I've been through Nissan Dunlops, Pirelli P-Zero and Michelin Super Sports, don't give them a hard life at all, just the occasional weekend blast and one Catd training day.

Dunlop: 12,000 miles - absolutely spent
P-Zero: 10,000 miles - good tread left in them (perhaps 3-4mm) but poor grip in hindsight, they were OK in the wet though relative to dunlops
Michelin SS: currently on 9000 miles, at least 4mm remaining.


In terms of wear the Michelin's have been the best for me, and also the best all round tyre for grip that I've tried.

Want to try the Michelin Cup's next.


----------



## Oski (Mar 8, 2014)

Im on MPSS 14K miles on them and still ok tread, thought that was good,
But I dont really give the car a hard time or track it,


----------



## vxrcymru (Sep 29, 2009)

OEM 2010 Dunlop's 7k
Bridgestone runflats 9k
MPSS 16K - including 2 track days

Otherwise all fast road use


----------



## gtr mart (Mar 29, 2004)

I desimated some Vredestein Ultrac Vorti Rs in 6000 miles. 

They were great, most of my mileage on the road although maybe 2 or 3 runway days, 3 sprint sessions (on a very small sprint track) and then finished them off at Silverstone, leaving 1mm left on the rears (even wear) and the fronts were delaminating on the outer edge.


Bridgestone runflats I got through in 7-8k miles, including 1 Vmax session. No track work

Currently running the CUP2s andhoping for better longevity.


----------



## Firestarter (Mar 8, 2014)

I'm at 21k miles on MPSS. No track days and still lots of meat on them:chuckle:


----------



## Simonh (May 24, 2002)

I'm about 19k miles on a set of mpss, inner edge is about done on the fronts now and will need changing soon. Road use only don't really give it a hard time and there is plenty of motorway miles in there...


----------



## TREG (May 20, 2004)

Would be interested to here how the Toyos R888 compare


----------



## Iggy GT-R (Dec 15, 2012)

I did a set of P Zero in about 8000 miles, fast road only! Wasn't over keen on them.

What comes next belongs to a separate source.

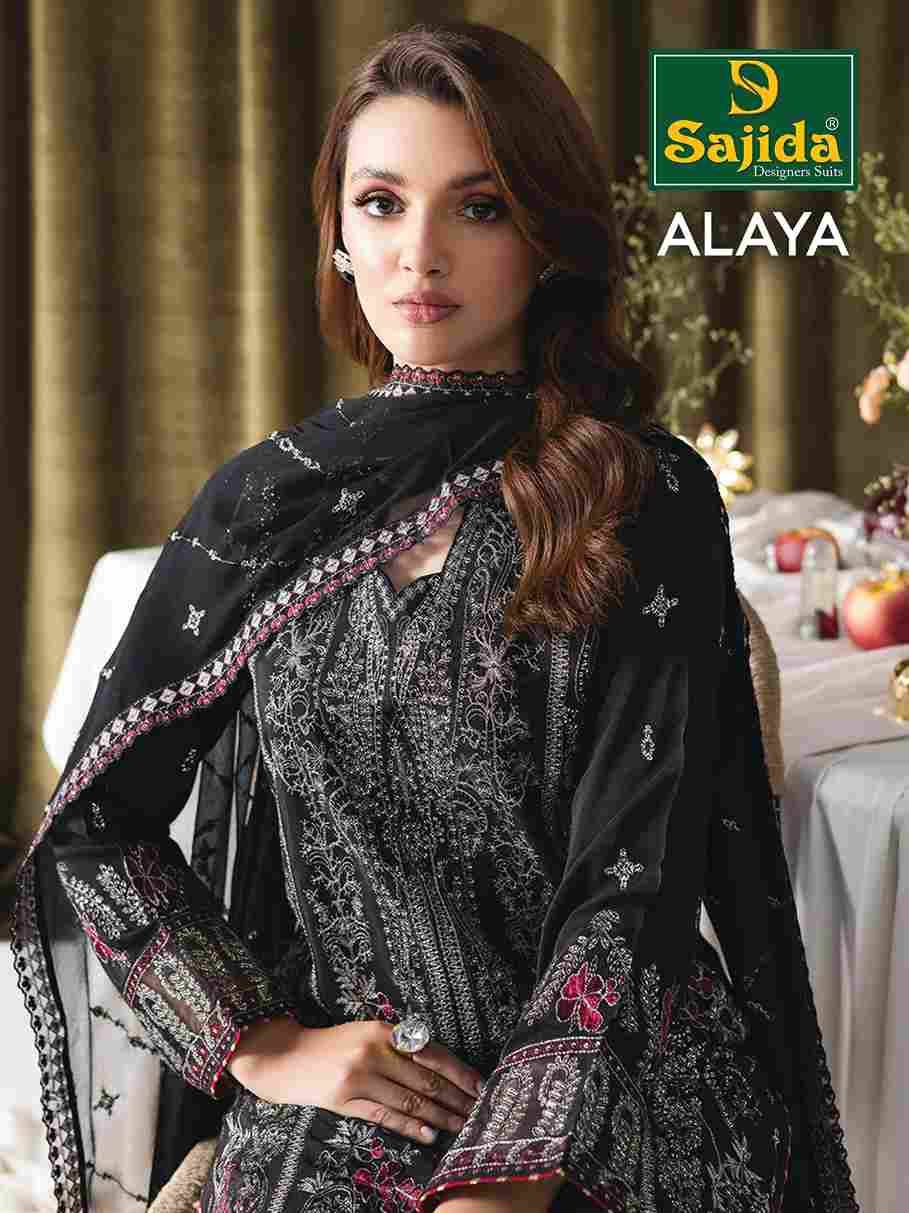 Alaya By Sajida Designer Suits 1008 To 1010 Series Beautiful Pakistani Suits Colorful Stylish Fancy Casual Wear & Ethnic Wear Faux Georgette Embroidered Dresses At Wholesale Price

Now on MPSS, 275/305 & done 1 airfield day with small gymkhana, 2 track days, with plenty fast road use, including a full day at Millbrook wit CAT. Done 7000 miles on them & they still look new!


----------



## GlastoVeteran (Dec 15, 2011)

My rear Bridgestones lasted over 20k but the fronts are gone on the inner edges within about 10k. It's a shame as there is loads of tread left across the width of the tyre.


----------



## grahamc (Oct 1, 2006)

R888 dont compare if you are using them properly


----------



## Takamo (Oct 18, 2005)

How long is a piecepiece of string... Depends on what type of driving /usage and brand of tyres


----------



## gtr mart (Mar 29, 2004)

Takamo said:


> How long is a piecepiece of string... Depends on what type of driving /usage and brand of tyres


True but you can certainly get a feel for how a particular type of tyre will last.

For example, with the same driver I know an MPSS will last much longer than a Bridgestone run flat and that the Bridgestone will last a little longer than the Dunlops. 

So it's a valid question.


----------



## vxrcymru (Sep 29, 2009)

GlastoVeteran said:


> My rear Bridgestones lasted over 20k but the fronts are gone on the inner edges within about 10k. It's a shame as there is loads of tread left across the width of the tyre.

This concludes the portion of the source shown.